Some, like Pinemere Camp in Pennsylvania, have been making small changes, like serving water and sugar-free “bug juice” instead of sweetened drinks and soda at meals, while others have completely overhauled their menus to serve mainly organic, vegetarian or vegan fare. But in all cases, the message to the campers is “to be conscious that what goes into your body is healthy,” as Alyssa Golob, director of Camp Butwin in St. Paul, Minn., put it.
Camp Butwin, like many Jewish camps now, has a vegetable garden on its property, which is tended by campers and integrated into the camp’s educational program. Not only do the children learn hands-on about how fruits and vegetables are grown, but they also get to cook and eat what they harvest. Camp Butwin, a JCC day camp, participates in the JCC Association’s new “JCC Grows” program, which committed one-third of the country’s JCC’s to develop producing gardens and food-related programs such as farmers’ markets and community-supported agriculture sites (CSA’s) over the next three years.
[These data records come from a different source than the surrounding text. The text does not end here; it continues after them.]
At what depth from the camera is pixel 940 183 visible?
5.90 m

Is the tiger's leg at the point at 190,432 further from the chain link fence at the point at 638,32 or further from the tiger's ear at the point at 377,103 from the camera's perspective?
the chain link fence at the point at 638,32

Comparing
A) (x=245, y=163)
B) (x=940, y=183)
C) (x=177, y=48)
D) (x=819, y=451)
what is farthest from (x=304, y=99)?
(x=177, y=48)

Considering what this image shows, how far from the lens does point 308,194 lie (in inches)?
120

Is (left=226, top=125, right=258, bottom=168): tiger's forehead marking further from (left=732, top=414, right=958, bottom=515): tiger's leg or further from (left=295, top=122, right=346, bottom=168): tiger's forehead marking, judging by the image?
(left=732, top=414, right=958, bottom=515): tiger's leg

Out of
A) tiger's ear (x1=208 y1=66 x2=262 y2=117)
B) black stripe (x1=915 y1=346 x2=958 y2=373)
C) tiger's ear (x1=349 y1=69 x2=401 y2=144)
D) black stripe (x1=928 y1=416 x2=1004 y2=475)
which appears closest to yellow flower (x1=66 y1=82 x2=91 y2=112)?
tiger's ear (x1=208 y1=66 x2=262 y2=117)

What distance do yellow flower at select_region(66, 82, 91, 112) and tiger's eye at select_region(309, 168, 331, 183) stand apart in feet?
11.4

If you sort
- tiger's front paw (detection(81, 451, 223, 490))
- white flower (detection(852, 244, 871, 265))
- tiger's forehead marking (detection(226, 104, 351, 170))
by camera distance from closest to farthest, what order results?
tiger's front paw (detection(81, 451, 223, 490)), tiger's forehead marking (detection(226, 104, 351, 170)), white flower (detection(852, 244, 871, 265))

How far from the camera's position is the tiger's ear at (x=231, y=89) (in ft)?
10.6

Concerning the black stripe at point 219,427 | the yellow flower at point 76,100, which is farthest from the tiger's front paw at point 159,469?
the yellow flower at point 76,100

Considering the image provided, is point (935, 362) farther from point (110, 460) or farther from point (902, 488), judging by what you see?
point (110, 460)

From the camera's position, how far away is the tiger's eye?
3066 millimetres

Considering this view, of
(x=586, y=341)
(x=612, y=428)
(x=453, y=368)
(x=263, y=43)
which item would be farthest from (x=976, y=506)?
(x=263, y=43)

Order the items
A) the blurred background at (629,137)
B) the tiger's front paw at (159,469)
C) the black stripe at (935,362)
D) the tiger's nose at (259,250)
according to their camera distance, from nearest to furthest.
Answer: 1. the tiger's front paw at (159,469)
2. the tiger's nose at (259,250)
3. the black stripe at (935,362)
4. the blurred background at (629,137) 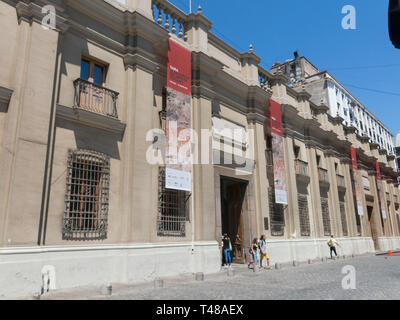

Pattie Cippi Harte, a JCCA vice president, personally promised Michelle Obama that the organization would support her “Let’s Move: America’s Move to Raise a Healthy Generation of Kids” campaign in this way during a meeting at the White House last November.
Camp Milldale of the JCC of Greater Baltimore, which also has agricultural activities built into its program at neighboring Kayam Farm, has campers bring their own lunches from home. Director David Mitnick says that he publishes a list of healthy foods and snacks for parents to send, but that he can’t dictate what goes into kids’ lunch bags. Instead, he plays games like “Wacky Lunch Wednesday,” (a version is “Mystery Lunch Mondays”) in which kids draw cards from a basket and if they have the food listed on the card — like kale chips, carrots, yogurt or string cheese in their lunch bag, they get a prize. “Once the kids see that the biggest prizes go to the healthiest foods, we start seeing those foods show up more and more in kids’ lunches. Camp is about informal education,” Mitnick reflected.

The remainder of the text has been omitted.